PDFHighlights.Internal.PDF.get_author — Method

get_author(pdf::String) -> String

Extract the author from the PDF.

Arguments

pdf::String: absolute or relative path to the PDF file

Returns

String: the author

Throws

Exceptions from: get_author_title

Example

using PDFHighlights

path_to_pdf = joinpath(
    pathof(PDFHighlights) |> dirname |> dirname,
    "test",
    "pdf",
    "TestPDF.pdf"
)

get_author(path_to_pdf) == "Pavel Sobolev"

source

PDFHighlights.Internal.PDF.get_author_title — Method

get_author_title(pdf::String) -> Tuple{String, String}

Extract the author and title from the PDF.

Arguments

pdf::String: absolute or relative path to the PDF file

Returns

Tuple{String, String}: the author and title

Throws

FileDoesNotExist: the specified file doesn't exist
NotPDF: the specified path does not end in .pdf

Example

using PDFHighlights

path_to_pdf = joinpath(
    pathof(PDFHighlights) |> dirname |> dirname,
    "test",
    "pdf",
    "TestPDF.pdf",
)

get_author_title(path_to_pdf) == ("Pavel Sobolev", "A dummy PDF for tests")

source

PDFHighlights.Internal.PDF.get_authors_titles — Method

get_authors_titles(dir::String) -> Tuple{Vector{String}, Vector{String}}

Extract the authors and titles from all PDFs found recursively in the passed directory.

Arguments

dir::String: a directory with PDF files

Returns

Tuple{Vector{String}, Vector{String}}: the authors and titles

Throws

DirectoryDoesNotExist: the specified directory doesn't exist
Exceptions from: get_author_title

Example

using PDFHighlights

path_to_pdf_dir = joinpath(pathof(PDFHighlights) |> dirname |> dirname, "test", "pdf")

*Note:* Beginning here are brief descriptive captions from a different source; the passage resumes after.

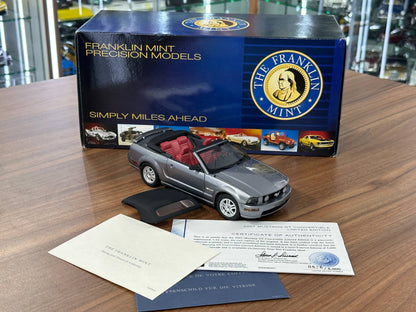The Franklin Mint Ford Mustang Convertible 2007 – Smoke Grey – 1:24 Diecast Model (Full opening)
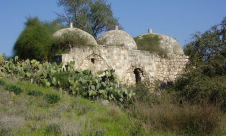 “ميزان” تطالب بإلغاء مناقصة بناء مشروع على أرض المقبرة الإسلامية في قرية "بشيت" المهجّرة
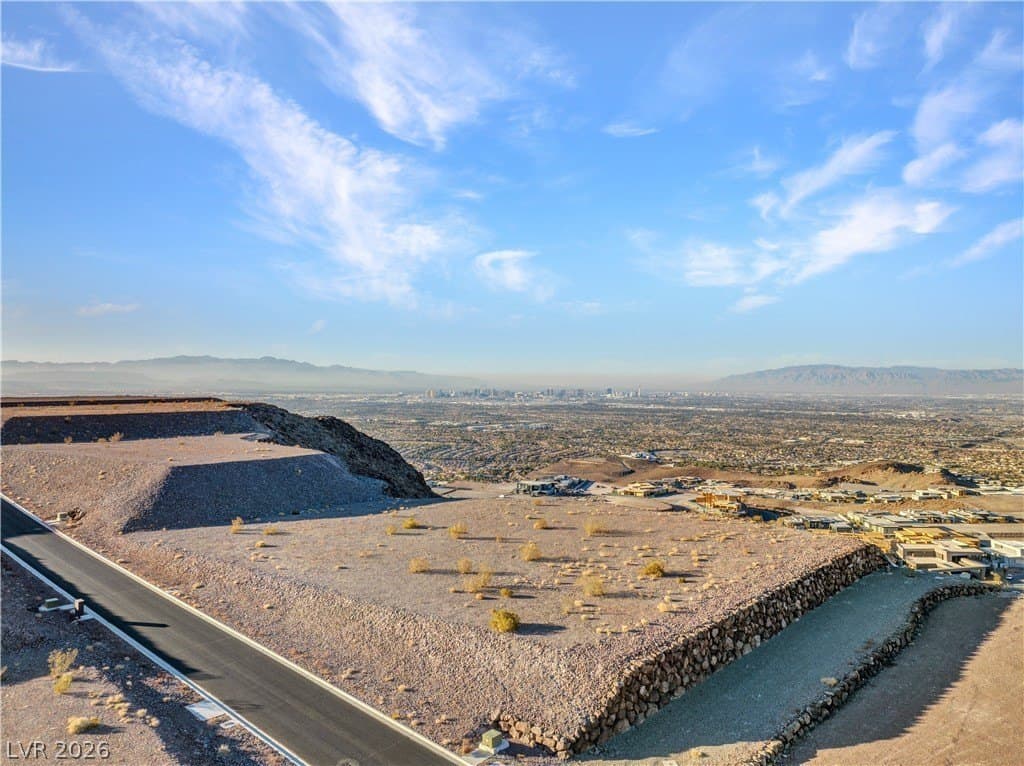 22 Soaring Rock Ct, Henderson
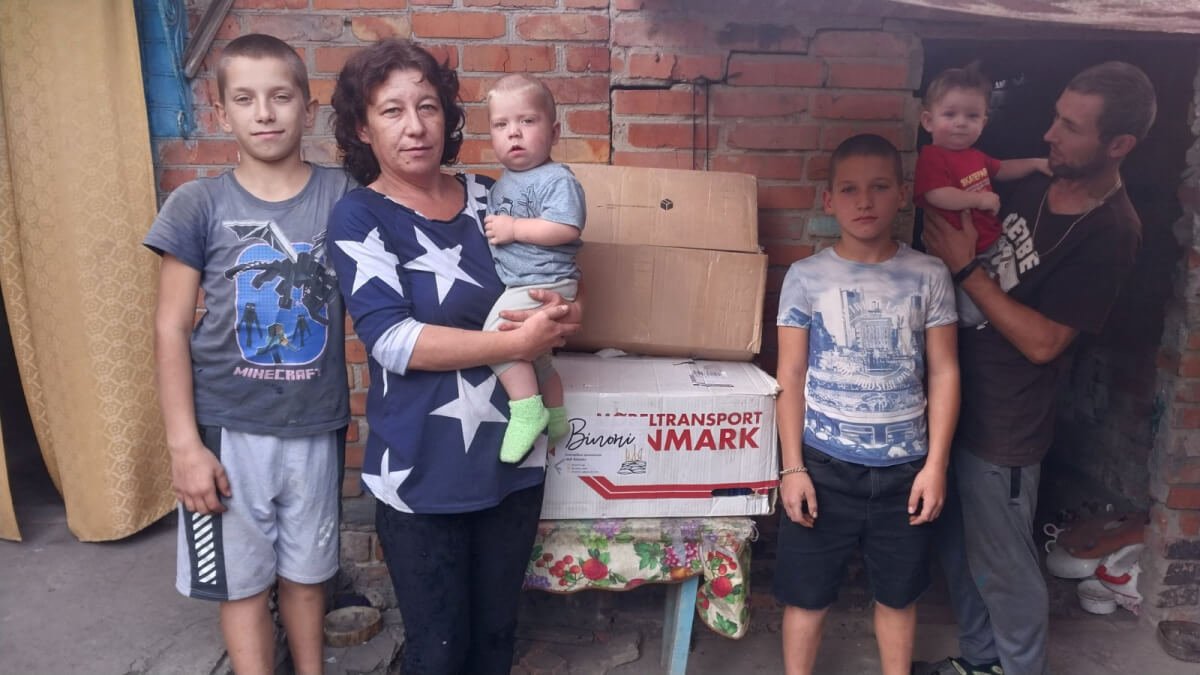 Данія допомагає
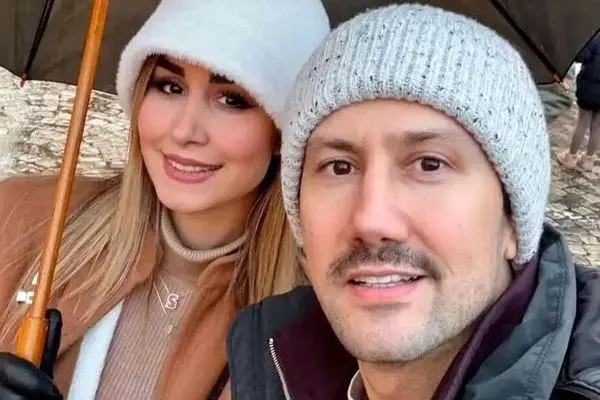 جدیدترین عکس از شاهرخ استخری و همسر مو بلوندش در دل برف 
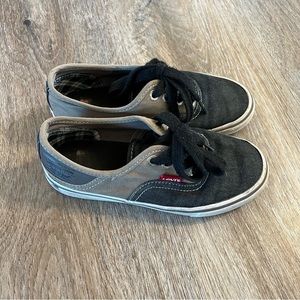 Levi’s sneakers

get_authors_titles(path_to_pdf_dir) == (["Pavel Sobolev"], ["A dummy PDF for tests"])

source

PDFHighlights.Internal.PDF.get_comments — Method

get_comments(target::String; concatenate::Bool=false) -> Vector{String}

Extract the comments from a passed PDF or all PDFs found recursively in the passed directory.

Arguments

target::String: a PDF file or a directory with PDF files

Keywords

concatenate::Bool=false: if true, concatenate the highlights

Returns

Vector{String}: the comments

Throws

Exceptions from: get_highlights_comments_pages

Example

using PDFHighlights

path_to_pdf_dir = joinpath(pathof(PDFHighlights) |> dirname |> dirname, "test", "pdf")
path_to_pdf = joinpath(path_to_pdf_dir, "TestPDF.pdf")

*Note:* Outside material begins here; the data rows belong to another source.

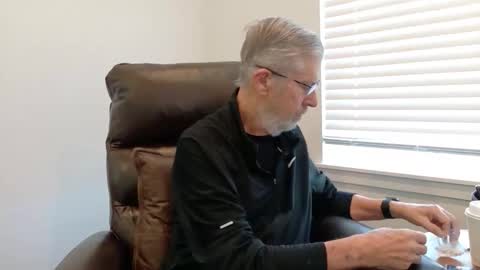 Snapshot of yougogirl_3 chatting on October 22, 6:09 pm Colorado Guy Straight online show from October 22, 6:09 pm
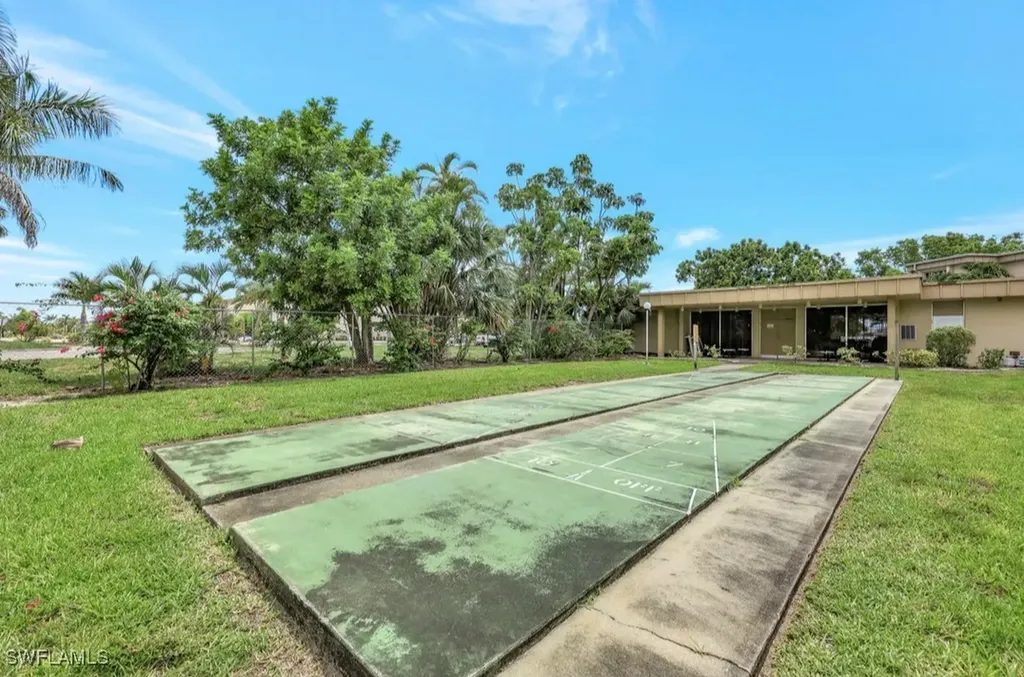 2264 Winkler Avenue Fort Myers FL 33901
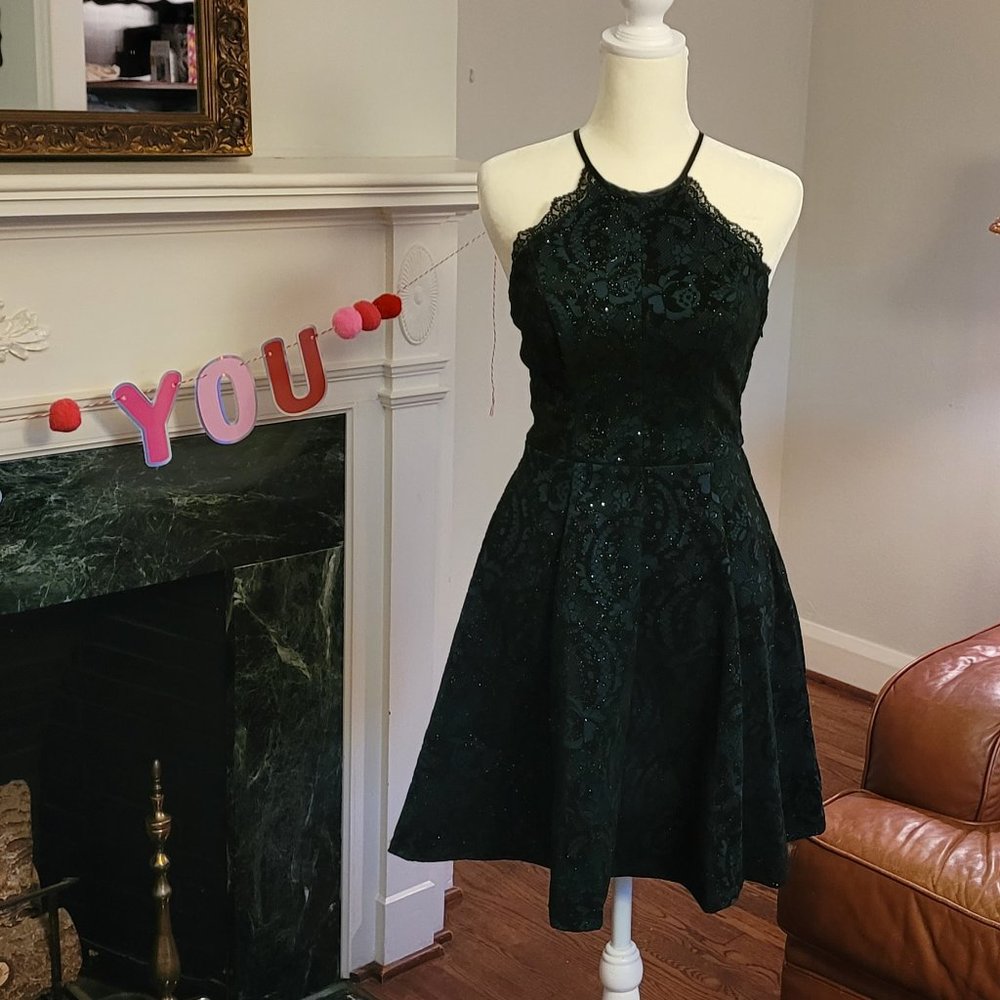 Glitter Brocade Cocktail Halter Party Dress in Deep Green and Black Lace - Picture 10 of 11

get_comments(path_to_pdf_dir; concatenate=true) ==
get_comments(path_to_pdf; concatenate=true) ==
["Comment 1", "Comment 2 Comment 3", "Comment 4", "", "", "", ""]

source

PDFHighlights.Internal.PDF.get_comments_pages — Method

get_comments_pages(
    target::String;
    concatenate::Bool=false,
) -> Tuple{Vector{String}, Vector{Int32}}

Extract the comments and pages from a passed PDF or all PDFs found recursively in the passed directory.

Arguments

target::String: a PDF file or a directory with PDF files

Keywords

concatenate::Bool=false: if true, concatenate the highlights

Returns

Tuple{Vector{String}, Vector{Int32}}: the comments and pages

Throws

Exceptions from: get_highlights_comments_pages

Example

using PDFHighlights

path_to_pdf_dir = joinpath(pathof(PDFHighlights) |> dirname |> dirname, "test", "pdf")
path_to_pdf = joinpath(path_to_pdf_dir, "TestPDF.pdf")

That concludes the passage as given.